### Entries provided ###

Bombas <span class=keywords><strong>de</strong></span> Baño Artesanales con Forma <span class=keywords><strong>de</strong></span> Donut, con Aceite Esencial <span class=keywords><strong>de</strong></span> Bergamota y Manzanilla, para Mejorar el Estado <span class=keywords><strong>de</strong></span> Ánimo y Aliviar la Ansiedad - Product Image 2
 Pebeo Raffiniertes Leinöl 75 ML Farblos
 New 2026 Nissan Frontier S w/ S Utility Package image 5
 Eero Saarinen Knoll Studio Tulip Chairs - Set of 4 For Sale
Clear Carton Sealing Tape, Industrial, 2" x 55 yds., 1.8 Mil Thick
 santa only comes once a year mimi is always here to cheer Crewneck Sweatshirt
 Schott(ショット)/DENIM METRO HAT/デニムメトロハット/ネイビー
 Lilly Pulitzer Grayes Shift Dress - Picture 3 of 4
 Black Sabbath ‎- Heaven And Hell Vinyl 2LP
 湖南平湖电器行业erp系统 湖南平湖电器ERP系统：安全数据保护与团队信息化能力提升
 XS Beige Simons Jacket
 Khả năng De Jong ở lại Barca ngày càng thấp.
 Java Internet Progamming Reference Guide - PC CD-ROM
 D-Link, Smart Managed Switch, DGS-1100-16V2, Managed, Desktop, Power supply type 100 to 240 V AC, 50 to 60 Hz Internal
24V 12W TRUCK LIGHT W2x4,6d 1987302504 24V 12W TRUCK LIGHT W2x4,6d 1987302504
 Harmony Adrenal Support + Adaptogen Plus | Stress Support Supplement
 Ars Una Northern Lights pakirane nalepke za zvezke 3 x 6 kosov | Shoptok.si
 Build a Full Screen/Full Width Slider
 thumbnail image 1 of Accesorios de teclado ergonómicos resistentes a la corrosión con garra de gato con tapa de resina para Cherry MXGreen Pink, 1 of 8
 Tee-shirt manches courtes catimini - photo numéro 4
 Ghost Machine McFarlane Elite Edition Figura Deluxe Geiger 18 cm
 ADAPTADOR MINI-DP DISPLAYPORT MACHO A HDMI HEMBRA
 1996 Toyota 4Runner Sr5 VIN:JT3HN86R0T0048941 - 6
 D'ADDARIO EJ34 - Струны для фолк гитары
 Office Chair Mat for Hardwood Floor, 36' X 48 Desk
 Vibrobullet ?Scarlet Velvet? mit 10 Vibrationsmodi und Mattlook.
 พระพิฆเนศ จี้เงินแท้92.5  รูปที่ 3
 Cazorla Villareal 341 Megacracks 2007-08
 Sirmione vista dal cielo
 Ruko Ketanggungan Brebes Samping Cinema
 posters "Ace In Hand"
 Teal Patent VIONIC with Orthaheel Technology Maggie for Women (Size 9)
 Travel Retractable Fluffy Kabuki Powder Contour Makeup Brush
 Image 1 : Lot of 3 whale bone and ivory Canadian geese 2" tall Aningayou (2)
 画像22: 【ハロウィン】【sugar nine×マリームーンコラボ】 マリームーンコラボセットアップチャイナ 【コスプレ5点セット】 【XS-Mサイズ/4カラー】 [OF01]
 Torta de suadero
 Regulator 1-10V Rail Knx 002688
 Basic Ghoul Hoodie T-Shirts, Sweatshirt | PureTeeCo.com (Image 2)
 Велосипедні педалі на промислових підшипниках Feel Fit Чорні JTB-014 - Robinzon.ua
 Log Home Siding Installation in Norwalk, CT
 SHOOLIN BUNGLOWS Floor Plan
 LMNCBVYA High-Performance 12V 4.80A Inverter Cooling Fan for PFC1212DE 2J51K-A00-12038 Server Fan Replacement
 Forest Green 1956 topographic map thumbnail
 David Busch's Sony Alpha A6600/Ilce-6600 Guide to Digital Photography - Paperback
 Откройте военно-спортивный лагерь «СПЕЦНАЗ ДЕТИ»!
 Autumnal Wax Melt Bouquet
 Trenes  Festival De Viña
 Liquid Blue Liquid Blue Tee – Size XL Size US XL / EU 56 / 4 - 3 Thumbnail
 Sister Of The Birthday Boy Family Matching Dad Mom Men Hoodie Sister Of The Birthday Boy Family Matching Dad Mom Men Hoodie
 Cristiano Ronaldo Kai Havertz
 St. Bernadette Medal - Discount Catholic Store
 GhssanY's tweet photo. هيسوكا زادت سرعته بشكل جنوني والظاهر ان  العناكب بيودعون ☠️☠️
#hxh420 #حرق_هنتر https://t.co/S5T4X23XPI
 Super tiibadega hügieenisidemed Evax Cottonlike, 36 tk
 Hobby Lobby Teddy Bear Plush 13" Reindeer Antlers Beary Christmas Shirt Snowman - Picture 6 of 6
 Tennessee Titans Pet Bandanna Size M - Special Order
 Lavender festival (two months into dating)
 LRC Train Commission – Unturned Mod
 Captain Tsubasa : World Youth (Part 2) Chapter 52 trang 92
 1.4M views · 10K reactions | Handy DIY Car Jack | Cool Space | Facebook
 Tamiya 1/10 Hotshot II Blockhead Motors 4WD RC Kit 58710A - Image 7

###

Among the entries above, copy exactly only the lines starting with the one containing "Eero Saarinen Knoll" and going through the one containing "Schott(ショット)/DENIM METRO HAT/デニムメトロハット/ネイビー", both ends included.

* _Written reply_:
 Eero Saarinen Knoll Studio Tulip Chairs - Set of 4 For Sale
Clear Carton Sealing Tape, Industrial, 2" x 55 yds., 1.8 Mil Thick
 santa only comes once a year mimi is always here to cheer Crewneck Sweatshirt
 Schott(ショット)/DENIM METRO HAT/デニムメトロハット/ネイビー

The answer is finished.